Ulcerative colitis (UC) is a chronic and relapsing inflammatory disease characterized by dysregulation of the immune function response and imbalanced release of cytokines and unresolved inflammatory progress associated with intestinal mucosa [1,2]. The inflammation reaction may be initiated by pro-inflammatory cytokines [3]. Patients with bowel disease have increased interleukin (IL)-6 in the intestinal mucosa and tumor necrosis factor-alpha (TNF-α) in the blood and colon tissue.

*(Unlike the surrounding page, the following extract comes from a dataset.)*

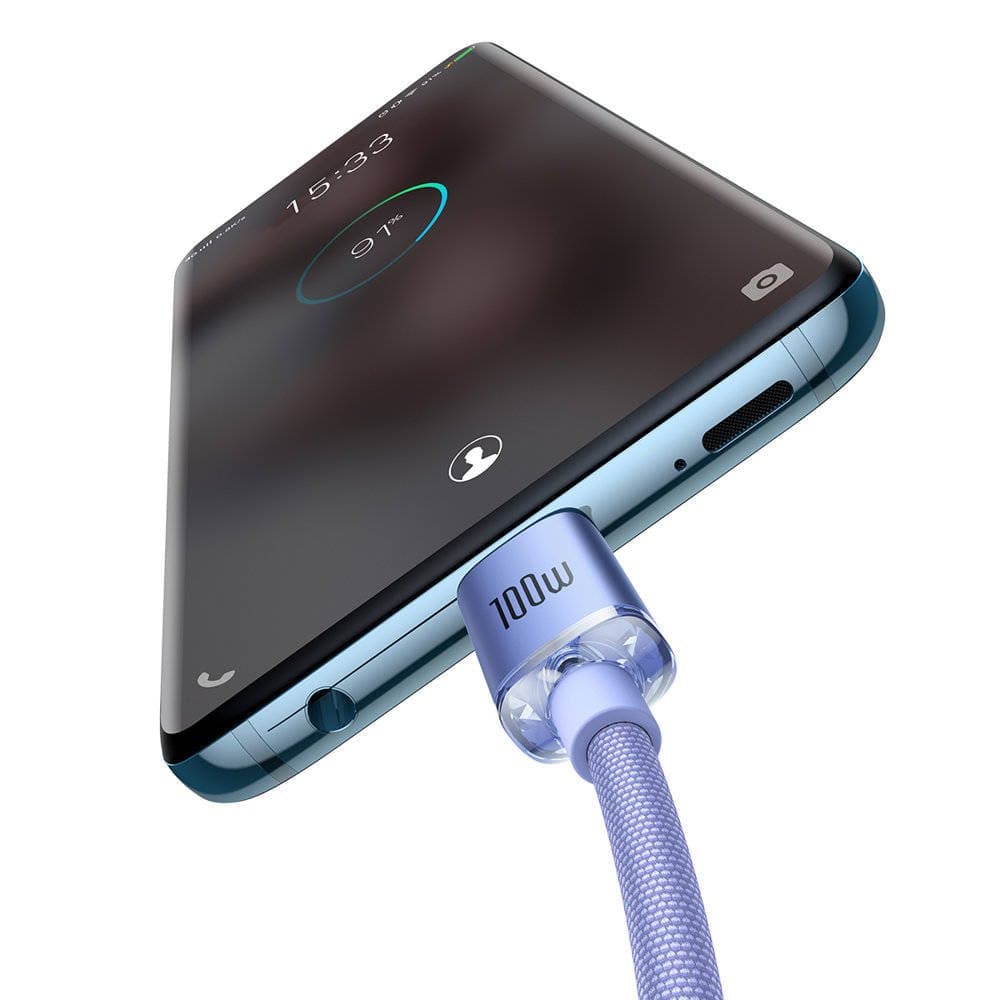 Baseus CAJY000705 Crystal Shine Series Datový Kabel USB-C - USB-C 100W 2m Purple - náhled 3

Immune cells, such as T cells, intestinal epithelial cells, and macrophages, secrete various cytokines including TNF-α, IL-1 family, IL-6, IL-8, and interferon-gamma (IFN-γ), which regulate the inflammatory response in UC. Elevated levels of cytokines have also been implicated in the pathogenesis of bowel disease [4,5].
Dextran sulfate sodium (DSS)-induced colitis is considered as a suitable model that represents the disease both morphologically and biochemically. Intake of DSS induces bloody stools, ulcerations, epithelial injury, and infiltration of inflammatory cells [6]. Histologically, DSS causes crypt abscesses and epithelioglandular hyperplasia in mice. These colon conditions are similar to acute and chronic UC in humans. DSS is toxic to gut epithelial cells of the basal crypts and affects the integrity of the mucosal barrier [7]. Thus, the DSS-induced colitis model is especially suitable to study the mechanism of inflammatory colitis.
Cyclooxygenase-1 (COX-1) is a constitutive enzyme that catalyzes the production of prostaglandins (PGs), which protect the stomach from damage. COX-2 is induced by inflammatory stimuli, such as cytokines, and also catalyzes PG production that contributes to inflammation-related swelling [8]. COX-2 and PGE2 levels are raised in the inflamed mucosa of patients with UC [9].
Glycyrrhiza uralensis (GU) is a medicinal plant used in Europe and Asia for treating debilitating UC. It has been also used for diseases of the respiratory system and gastrointestinal tract [10]. Glycyrrhizae Radix (GR) has been traditionally used for treatment of cough, allergy, and bowel disease [11]. GR possesses various bioactive constituents that include saponins, flavonoids, and coumarins [12]. However, it is unknown whether the constituents of GR can regulate intestinal inflammation. Glycyrrhetic acid (GA) is a triterpenoid saponin found in GU as a hydrolyzed metabolite of glycyrrhizin [13]. Recent studies have demonstrated that GA has strong antioxidant, anti-inflammation, and anti-cancer effects [14]. GA can reduce the oxidative stress caused by carbon tetrachloride, reduces production of pro-inflammatory cytokines, and repress immune function [15]. These results suggest that GA has inhibitory effects on DSS-induced colitis model.
To explore the potential of GA as a useful therapeutic in UC, we examined its effects on DSS-induced UC in a mouse model. The aims were to evaluate the effect of GA on clinical signs including weight loss, colon shortening, diarrhea, and gross bleeding, and to investigate the role of GA on inflammatory mediators in DSS-treated mice.

2. Results

2.1. Effects of GA on Clinical Signs in DSS-Induced Colitis

When mice were treated with DSS to induce colitis, body weight was reduced and colon length was shortened at day 10 by 19.02 ± 1.51 g and 28.6% respectively, compared to the control group (Figure 1A and Figure 2A,B). Both GA 10 and GA 50 mg/kg alleviated the effects of DSS on body weight loss by 20.86 ± 1.76 g and 22.05 ± 1.25 g, and colon shortening by 13.2% and 12.7%, respectively (Figure 1B). Disease activity index (DAI) scores were increased at day 10 by 4.0 ± 1.00 in DSS-treated group, compared to the control group. GA also attenuated the DSS-mediated increase in DAI scores at day 10 by 2.8 ± 0.45, 2.2 ± 0.84; GA 10, GA 50 mg/kg.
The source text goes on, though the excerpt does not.